You're breaking things up to avoid lock ordering issues. The user can
still only run a single write command at a time.

> > Breaking up the locks to to protect sub-objects only is fine for
> > protecting internal lists but now you can't guarantee that the object
> > exists when driver is called.  
> 
> I can only guess about which objects you are talking.

It obviously refers to the port splitting I mentioned below.

> If you are talking about various devlink sub-objects (ports, traps,
> e.t.c), they created by the drivers and as such should be managed by them.
> Also they are connected to devlink which is guaranteed to exist. At the end,
> they called to devlink_XXX->devlink pointer without any existence check.
> 
> If you are talking about devlink instance itself, we guarantee that it
> exists between devlink_alloc() and devlink_free(). It seems to me pretty
> reasonable request from drivers do not access devlink before devlink_alloc()
> or after devlink_free(),
> 
> > I'm sure you'll utter your unprovable "in real drivers.." but the fact
> > is my approach does not suffer from any such issues. Or depends on
> > drivers registering devlink last.  
> 
> Registration of devlink doesn't do anything except opening it to the world.
> The lifetime is controlled with alloc and free. My beloved sentence "in
> real drivers ..." belongs to use of devlink_put and devlink_locks outside
> of devlink.c and nothing more.

As soon as there is a inter-dependency between two subsystems "must 
be last" breaks down.

> > I can start passing a pointer to a devlink_port to split/unsplit
> > functions, which is a great improvement to the devlink driver API.  
> 
> You can do it with my approach too. We incremented reference counter
> of devlink instance when devlink_nl_cmd_port_split_doit() was called,
> and we can safely take devlink->port_list_lock lock before returning
> from pre_doit.

Wait, I thought you'd hold devlink->lock around split/unsplit.

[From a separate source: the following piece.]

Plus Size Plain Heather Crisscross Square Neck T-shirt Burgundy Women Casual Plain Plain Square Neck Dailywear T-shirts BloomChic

Please look at the port splitting case, mlx5 doesn't implement it
but it's an important feature.

Either way, IDK how ref count on devlink helps with lifetime of a
subobject. You must assume the sub-objects can only be created outside
of the time devlink instance is visible or under devlink->lock?
Leon Romanovsky Nov. 23, 2021, 8:33 a.m. UTC | #8
On Mon, Nov 22, 2021 at 06:27:28PM -0800, Jakub Kicinski wrote:
> On Sun, 21 Nov 2021 10:45:12 +0200 Leon Romanovsky wrote:
> > On Fri, Nov 19, 2021 at 08:10:17AM -0800, Jakub Kicinski wrote:
> > > On Fri, 19 Nov 2021 17:38:53 +0200 Leon Romanovsky wrote:  
> > > > My approach works, exactly like it works in other subsystems.
> > > > https://lore.kernel.org/netdev/cover.1636390483.git.leonro@nvidia.com/  
> > > 
> > > What "other subsystems"? I'm aware of the RFC version of these patches.  
> > 
> > Approach to have fine-grained locking scheme, instead of having one big lock.
> > This was done in MM for mmap_sem, we did it for RDMA too.
> 
> You're breaking things up to avoid lock ordering issues. The user can
> still only run a single write command at a time.
> 
> > > Breaking up the locks to to protect sub-objects only is fine for
> > > protecting internal lists but now you can't guarantee that the object
> > > exists when driver is called.  
> > 
> > I can only guess about which objects you are talking.
> 
> It obviously refers to the port splitting I mentioned below.
> 
> > If you are talking about various devlink sub-objects (ports, traps,
> > e.t.c), they created by the drivers and as such should be managed by them.
> > Also they are connected to devlink which is guaranteed to exist. At the end,
> > they called to devlink_XXX->devlink pointer without any existence check.
> > 
> > If you are talking about devlink instance itself, we guarantee that it
> > exists between devlink_alloc() and devlink_free(). It seems to me pretty
> > reasonable request from drivers do not access devlink before devlink_alloc()
> > or after devlink_free(),
> > 
> > > I'm sure you'll utter your unprovable "in real drivers.." but the fact
> > > is my approach does not suffer from any such issues. Or depends on
> > > drivers registering devlink last.  
> > 
> > Registration of devlink doesn't do anything except opening it to the world.
> > The lifetime is controlled with alloc and free. My beloved sentence "in
> > real drivers ..." belongs to use of devlink_put and devlink_locks outside
> > of devlink.c and nothing more.
> 
> As soon as there is a inter-dependency between two subsystems "must 
> be last" breaks down.

"Must be last" is better to be changed "when the device is ready".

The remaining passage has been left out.